Wet gas is produced from the Xujiahe Formation in the Central Sichuan Basin, along with a small proportion of condensate oil. The gas humidity is above 5% (Fig. 1), suggesting that the wet gas cracking stage has not yet been reached. The iC₄/nC₄ and iC₅/nC₅ ratios increase gradually as the maturity increases. In general, the Xujiahe Formation in the Central Sichuan Basin shares the similar variation trend of the iC₄/nC₄ ratio with the Mississippian Basin. Why the iC₄/nC₄ and iC₅/nC₅ ratios increase as the maturity increases? The possible reason is that the branched chain alkane requires more energy to break from kerogen than the straight chain alkane. When the maturity is relatively high but the wet gas cracking stage has not yet been reached, relatively more iso-alkanes would be generated. Thus, the data used in this study is from the coal-derived wet gas with no large-scale migration and trapped in the primary gas reservoir. In addition, the wet gas has not yet cracked, and the butane and pentane in natural gas originate mainly from the cracking of kerogen. Therefore, it is reliable to use the iC₄/nC₄ and iC₅/nC₅ ratios as the index for determining the maturity of the coal-derived gas, which is applicable to the coal-derived gas with the humidity coefficient of above 5% and no long-term migration and other coal-derived gas basins.

The iC₄/nC₄ and iC₅/nC₅ ratios in the natural gas are influenced by a variety of factors, such as the source type, maturity, migration, and biodegradation or oxidation. These factors, theoretically, may reflect many geological phenomena. However, they also have multiple explanations, which have limited their application for a long period of time. Thus, it is necessary to determine the variation law of these ratios with maturity during the generation of the natural gas. The variation law of the iC₄/nC₄ and iC₅/nC₅ ratios, in combination with the geological setting, may provide the solution to many geological issues. For example, these ratios can be used to roughly tell the maturity of the source rock in the primary gas reservoir. If the maturity of the source rock is known, it is possible to use these ratios to reveal the migration and accumulation process of the natural gas and, in the absence of large-scale migration, the variation of these ratios may reflect the occurrence of biodegradation and oxidization.

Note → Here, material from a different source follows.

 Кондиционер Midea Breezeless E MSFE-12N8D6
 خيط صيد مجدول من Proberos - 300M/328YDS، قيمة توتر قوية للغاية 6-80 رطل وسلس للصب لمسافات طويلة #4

The Xujiahe Formation gas in the Central Sichuan Basin is essentially thermal wet gas generated by the moderately mature coal-measure source rock that has not yet reached the cracking gas stage. With no large-scale migration and alteration, the gas accumulated to form the primary gas reservoir, which provides ideal geological conditions for studying the variation law of the iC₄/nC₄ and iC₅/nC₅ ratios of the coal-derived gas. There is a good positive correlation between the iC₄/nC₄ and iC₅/nC₅ ratios of the coal-derived gas. At the low-moderate mature stage, the gas humidity is less than 5%, and the iC₄/nC₄ and iC₅/nC₅ ratios of the coal-derived gas increase linearly as the gas dryness coefficient increases and the methane carbon isotope becomes heavier. In other words, these ratios increase as the maturity gets higher. As the maturity goes up, more iso-alkanes would be formed and the iC₄/nC₄ and iC₅/nC₅ ratios rise, since the branched chain alkane requires more energy to break from the kerogen than the straight chain alkane. This study reveals the variation law of the iC₄/nC₄ and iC₅/nC₅ ratios of the coal-derived gas with the thermal evolution degree, introduces a new regression equation for calculating the maturity index of the coal-derived gas, and provides an important reference for studying the geochemical features and accumulation of the coal-derived hydrocarbons.